Istilah ini pertama kali diperkenalkan oleh Cicely D. Williams pada rangkaian saintifik internasional melalui artikelnya Lancet 1935. Beliau pada tahun 1933 melukiskan suatu sindrom tersebut berhubungan dengan defisiensi dari nutrien apa. Akhirnya baru diketahui defisiensi protein menjadi penyebabnya.

Walaupun sebab utama penyakit ini ialah defisiensi protein, tetapi karena biasanya bahan makanan yang dimakan itu juga kurang mengandung nutrien lainnya, maka defisiensi protein disertai defisiensi kalori sehingga sering penderita menunjukkan baik gejala kwashiorkor maupun marasmus

ETIOLOGI

Kwashiorkor paling seringnya terjadi pada usia antara 1-3 tahun ,namun dapat pula terjadi pada bayi .Kwashiorkor yang mungkin terjadi pada orang dewasa adalah sebagai komplikasi dari parasit atau infeksi lain.

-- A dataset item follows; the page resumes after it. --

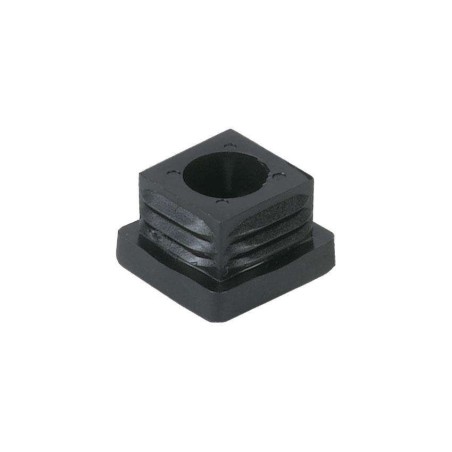 Bouchon fileté pour 25x25mm M10 - Polyamide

Banyak hal yang menjadi penyebab kwashiorkor, namun faktor paling mayor adalah menyusui, yaitu ketika ASI digantikan oleh asupan yang tidak adekuat atau tidak seimbang. Setelah usia 1 tahun atau lebih ,kwashiorkor dapat muncul bahkan ketika kekurangan bahan pangan bukanlah menjadi masalahnya, tetapi kebiasaan adat atau ketidak tahuan (kurang nya edukasi) yang menyebabkan penyimpangan keseimbangan nutrisi yang baik.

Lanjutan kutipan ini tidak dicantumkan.